If you change the housing and not the calculated value the g/s is off.


----------



## groggory (Apr 21, 2003)

need_a_VR6 said:


> If you change the housing and not the calculated value the g/s is off.


That makes sense. I was assuming that the housing matched the software and the software gave you an accurage g/s


----------



## Turbo freak (May 9, 2005)

You can see how off is your MAF/tune calibration by checking how much your ecu is adapting fuel i may think.

Is that .82 number the AFR?


----------



## checcoa3 (Sep 15, 2011)

I do these tests using the vag com.

For example, last night I tried one, audi s3 210hp, with mapping. The MAF has scored 195 g / s.
so it should have about 240hp, the value seems realistic.


written by ross-tech: 
"
if you have a stock 150 hp 1.8T, expect around 120 g / s.

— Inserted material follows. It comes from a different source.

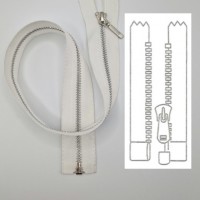 Fermeture éclair métallique séparable alu maille fine argent couleur blanc cassé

If you see Significantly Less Than That, You May Be MAF on the way out. This still works if you are chipped, but "race" programs May make more power through timing, Rather Than airflow. Therefore, take all readings with a grain of salt. 
"


----------



## checcoa3 (Sep 15, 2011)

collect your experiences I'm curious.


----------



## badger5 (Nov 17, 2003)

I use g/s divide 0.8 as a ready reckoner, and it often corresponds to bhp on my dyno.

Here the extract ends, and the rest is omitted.